Exercise
Exact copies of all the lines below are needed, without the pictures.

Data provided
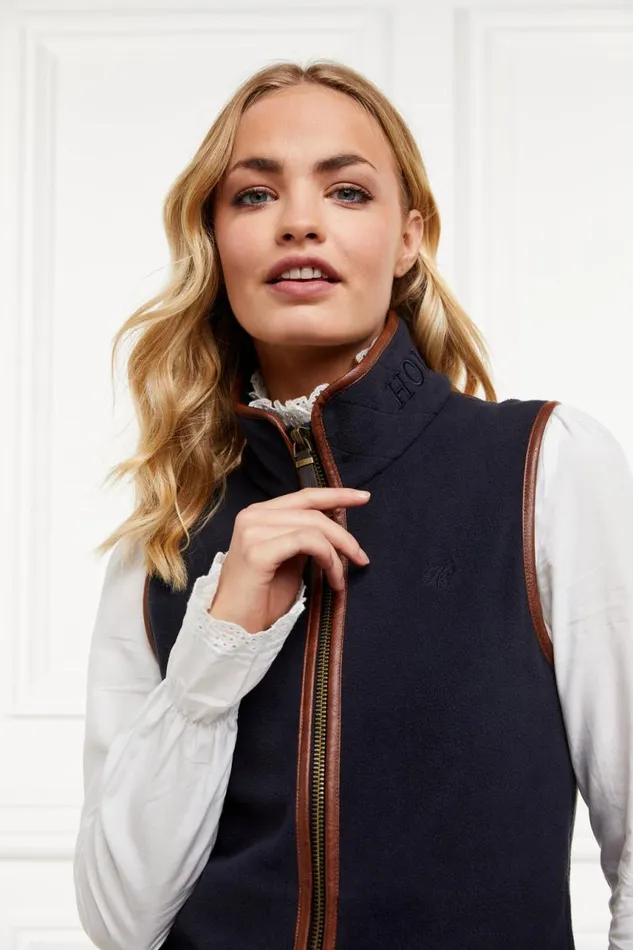 WomenEquestrian Fleeces Holland Cooper Country Fleece Gilet Ink Navy WomenEquestrian Fleeces Holland Cooper Country Fleece Gilet Ink Navy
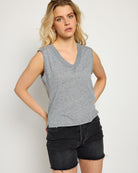 Heather Grey $|& SEAS Sol V-Neck Tank - SOF Front
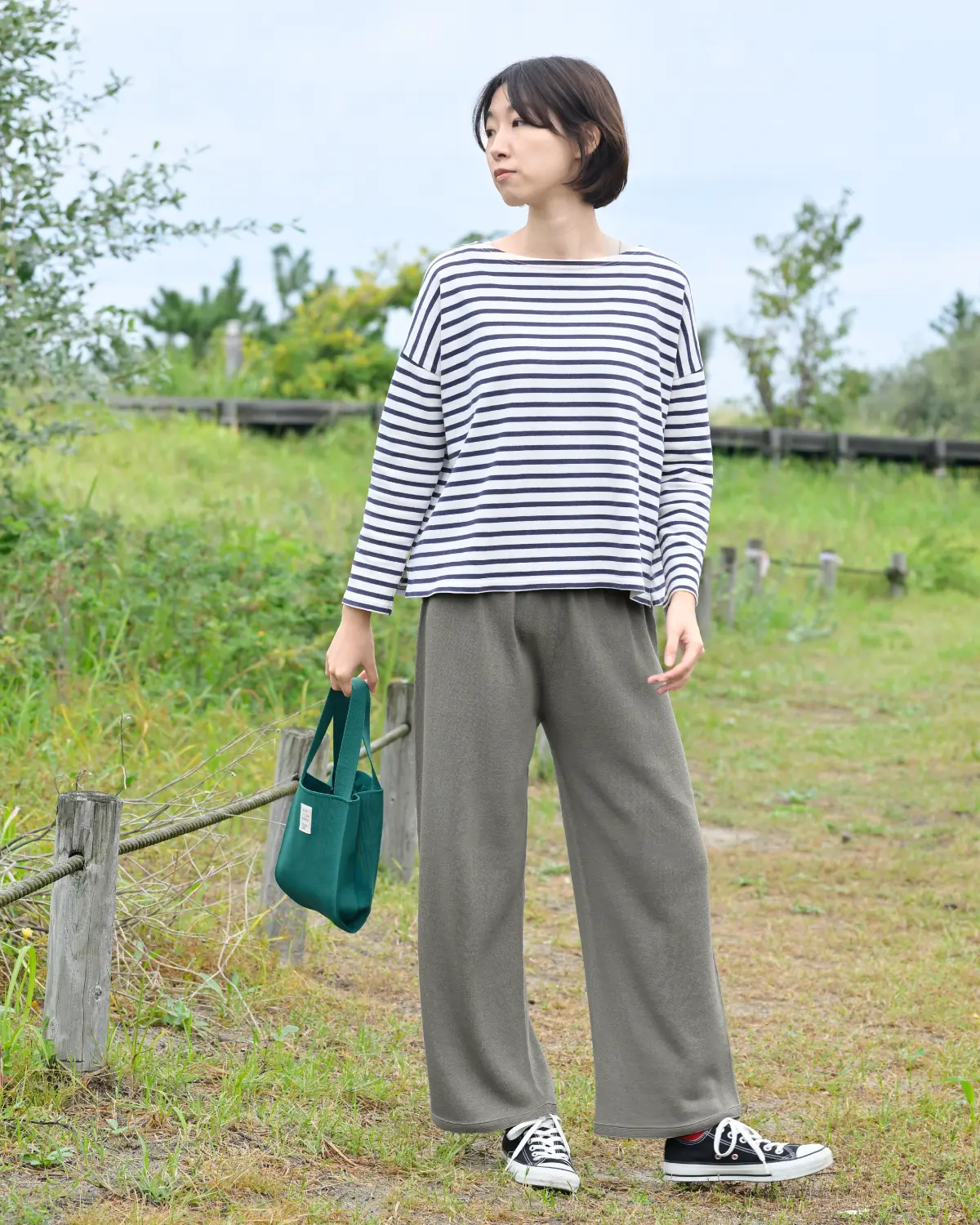 おなかをつつむ / のびるニットパンツ ワイドタイプ 綿麻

Output for this task
 WomenEquestrian Fleeces Holland Cooper Country Fleece Gilet Ink Navy WomenEquestrian Fleeces Holland Cooper Country Fleece Gilet Ink Navy
 Heather Grey $|& SEAS Sol V-Neck Tank - SOF Front
 おなかをつつむ / のびるニットパンツ ワイドタイプ 綿麻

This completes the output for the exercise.